Making parenting economic inequity visible
We know that unpaid and underpaid care work leaves many women economically insecure and retiring in poverty.
Imagine how the conversation would shift if the norm and expectation became:
When you, as a dual-parent family, decide one person leaves the paid workforce to grow/birth/raise children (or you do this in a shared way), any income coming into the household is split 50/50 between the two of you, after taking out an amount for super that’s contributed to the non-paid workforce partner’s super. Because you are both contributing equally to the family, whether its more of a financial contribution or more of a caring-and-everything-else contribution. You contribute 50/50 to shared expenses and anything you’ve mutually agreed to.

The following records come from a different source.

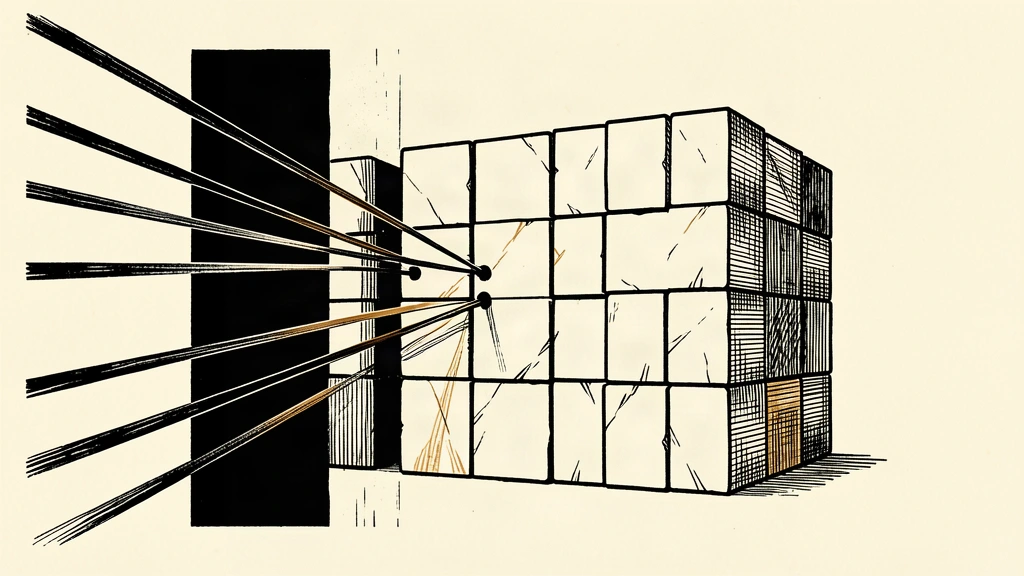 An editorial illustration showing a solid wall of blocks representing Chinese AI firms resisting six incoming probes from the side, symbolizing the rejection of US allegations.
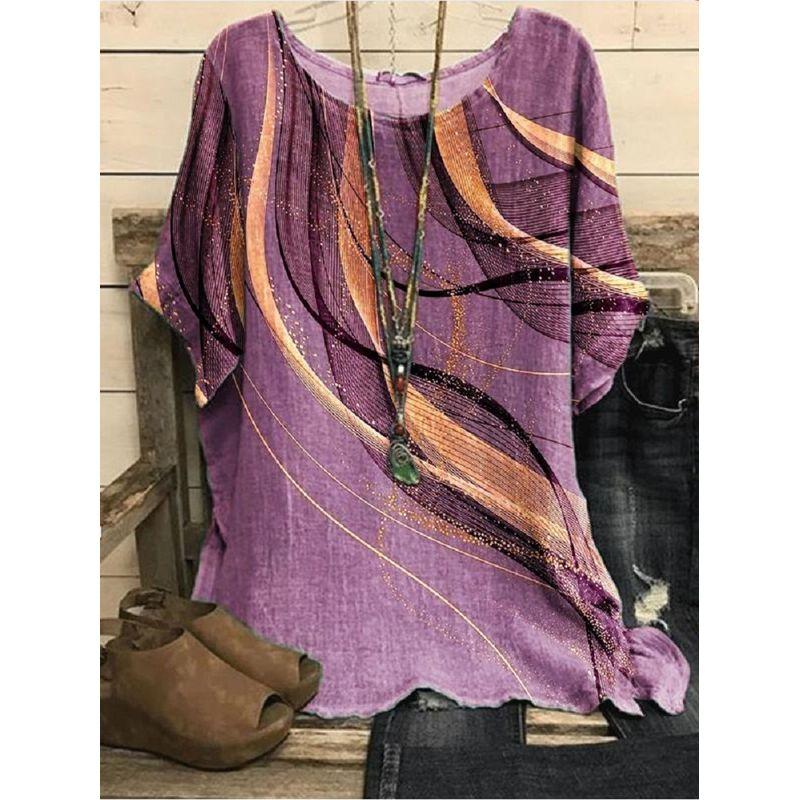 Printed round Neck Neck Casual Loose Top Print round Neck Top Women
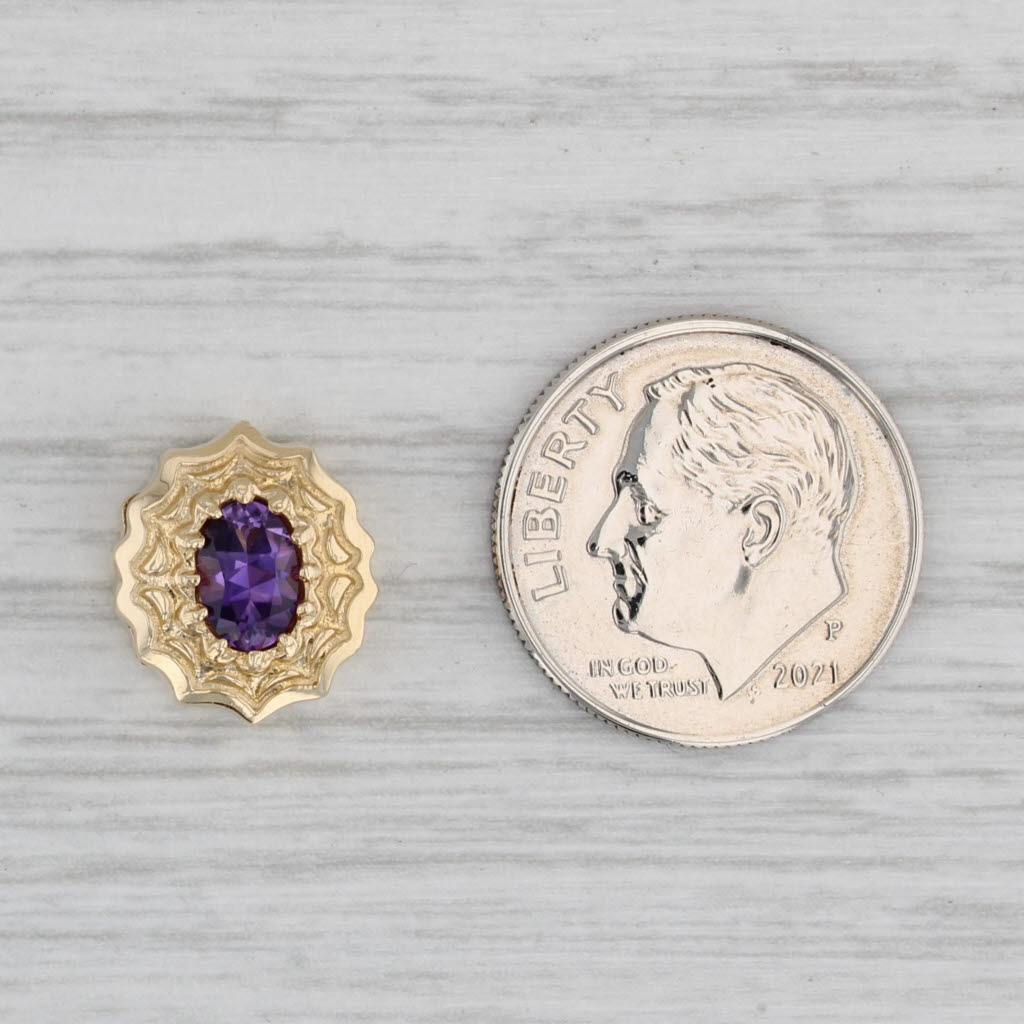 0.42ct Natural Amethyst Slide Bracelet Charm - 14k Yellow Gold Oval Solitaire Pendant for Women - Elegant Jewelry Gift for Birthday, Anniversary & Special Occasions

The rest is each person’s to spend or invest however they want.
Less men would be buying cars and boats while their partner rations her takeaway coffee. We would instantly have so many more men advocating for more payment for care work. We would also uncover some of the deep-seated beliefs that are red flags for coercive control and gendered violence, as some people try to explain why a 50/50 split “isn’t fair”.
Why is it so radical to think about it like this?
Because it makes the economic insecurity visible, instead of women invisibly shouldering it all.
Eve Rodksy made invisible labour visible with Fair Play. Now it’s time to make the economic insecurity visible, right from the start.